Effects of guanyl nucleotides and ions on kappa opioid binding

Abstract

Displacement curve analyses demonstrated that GTP and its nonhydrolyzable analog, GPP(NH)P, inhibited the binding of [3H]dihydromorphine (mu agonist), [3H]D-Ala2-D-Leu5-enkephalin (delta agonist), and [3H]ethylketocyclazocine (general agonist) but not [3H]diprenorphine (general antagonist). Using a paradigm to block mu and delta sites with specific cold ligands, [3H]ethylketocyclazocine labeled kappa sites which were less GTP sensitive than sites labeled by mu and delta agonists. Further, Na+ and Mg++, important in inhibitory adenylate cyclase systems, also decreased both unblocked and mu-/delta-blocked [3H]ethylketocyclazocine binding. Scatchard analyses revealed that the inhibitory effects of GTP result in a decrease in affinity without a significant change in binding capacity, and that the kappa component of [3H]ethylketocyclazocine binding was less sensitive to the effects of GTP than binding sites labeled by mu or delta agonists. In comparison to the effects of GTP, Na+ decreased binding affinity but increased the binding capacity of the kappa component. These data also suggest that the inhibitory effects of Na+ and GTP on binding affinity are not additive. Association and dissociation plots revealed that although both components of binding may be involved in these affinity changes, the dissociation rate represents the more significant factor.

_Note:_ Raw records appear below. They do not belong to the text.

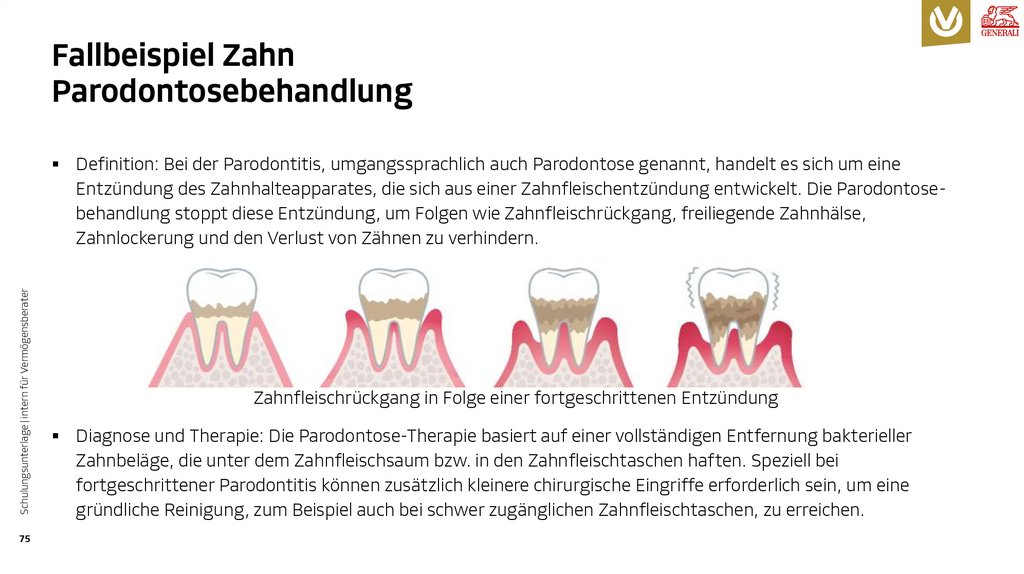 Fallbeispiel Zahn Parodontosebehandlung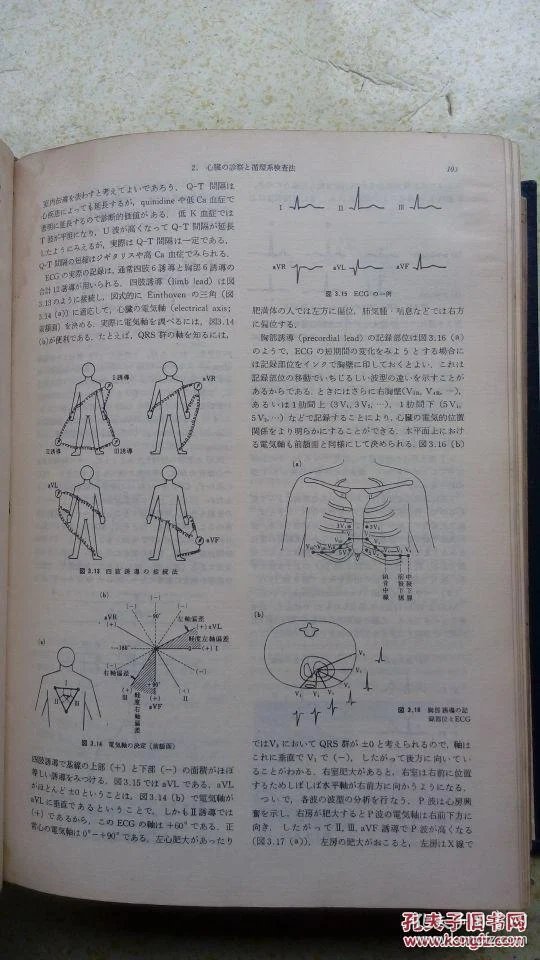 p4YBAFmNP9iANhCQAAE1iuqw61I468_b.jpg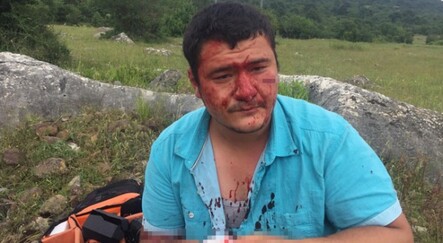 İHA muhabirine saldıran 4 şüpheliden biri tutuklandı - gundem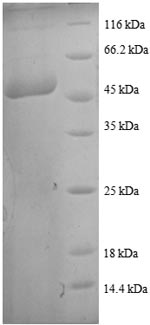 Human SM22 protein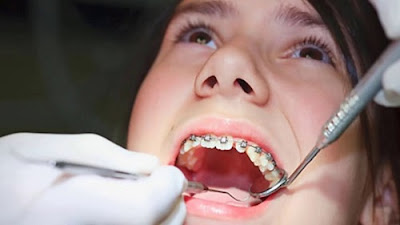 Bác sĩ phân tích răng khểnh có nên niềng không 2
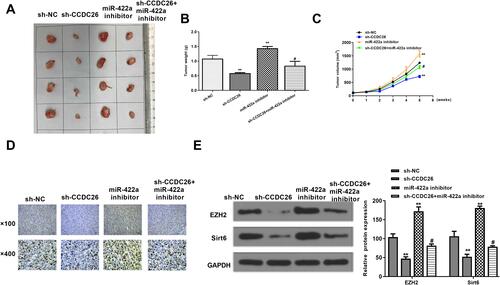 Figure 6 CCDC26 contributes to tumor growth of thyroid cancer via miR-422a/EZH2/Sirt6 axis in vivo. (A–E) The effect of CCDC26/miR-422a/EZH2/Sirt6 axis on tumor growth of thyroid cancer cells in vivo analyzed by nude mice tumorigenicity assay. SW579 cells were treated with control shRNA (sh-NC), CCDC26 shRNA (sh-CCDC26), miR-422a inhibitor, or co-treated with CCDC26 shRNA (sh-CCDC26) and miR-422a inhibitor and injected into the nude mice (n=4). (A) Representative images of dissected tumors from nude mice. (B) Average tumor weight. (C) Average tumor volume. (D) Ki-67 expression level in tumor tissues measured by immunohistochemical staining. (E) The protein expression levels of EZH2, Sirt6, and GAPDH in tumor tissues examined by Western blot analysis. The results of Western blot analysis were quantified by ImageJ software. Data are presented as mean ± SD. Statistic significant differences were indicated: **P < 0.01, #P < 0.05.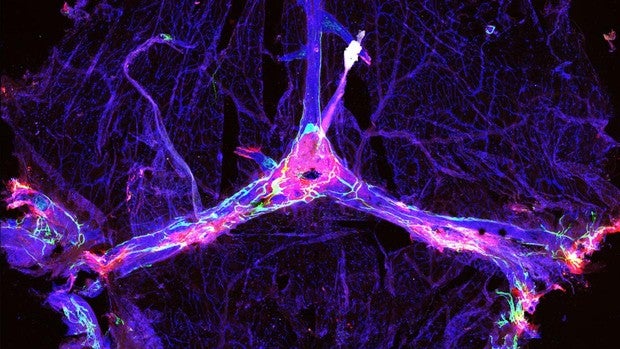 La aprobación de aducanumab, la gran oportunidad para el alzhéimer en el mundo real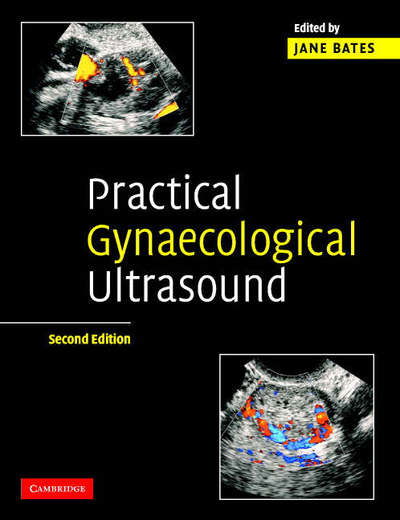 Practical Gynaecological Ultrasound - Jane Bates - Böcker - Cambridge University Press - 9780521674508 - 18 maj 2006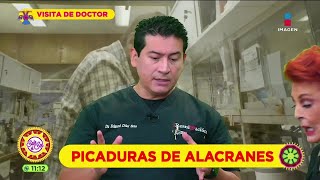 Picadura de alacrán síntomas riesgos y tratamiento  Sale el Sol [upl. by Nollid356]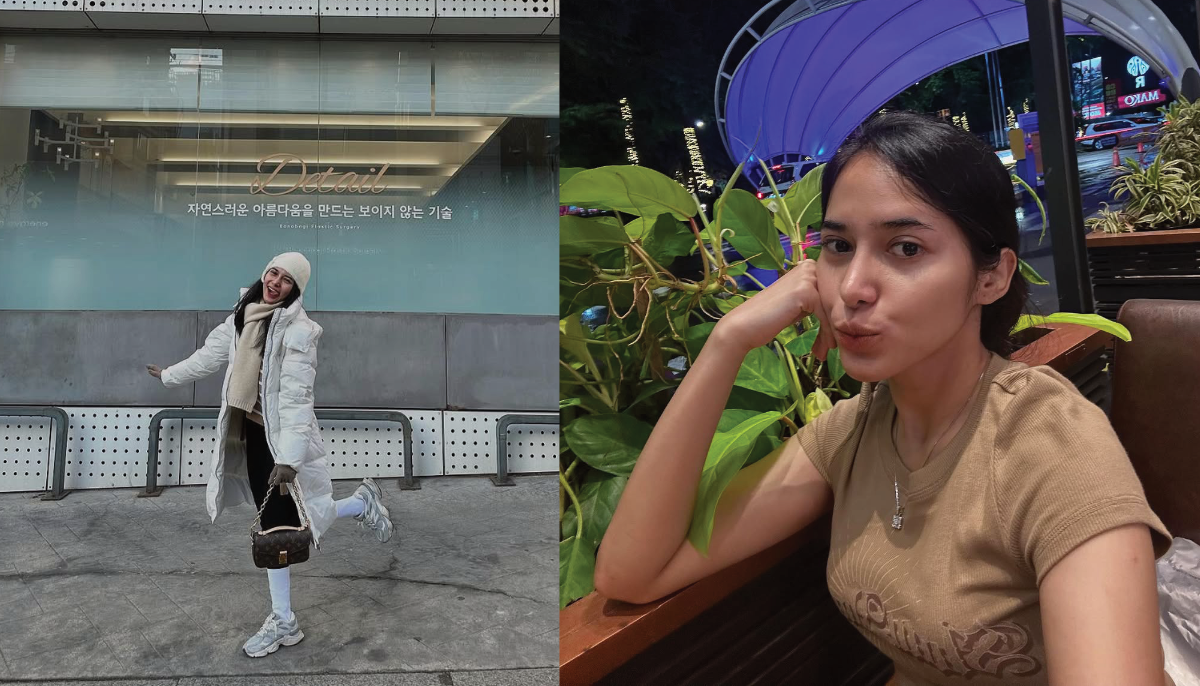Dilan Janiar Jalani Operasi Plastik di Korea.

These data suggest that [3H]ethylketocyclazocine binding to kappa sites is GTP and Na+ sensitive. However, it should be noted that [3H]ethylketocyclazocine binding to kappa sites is less sensitive to GTP than its binding to other opiate sites, and that this kappa binding is differentially affected by Na+. The significance of these characteristics with regard to the effect of kappa opiates on adenylate cyclase activity remains to be determined.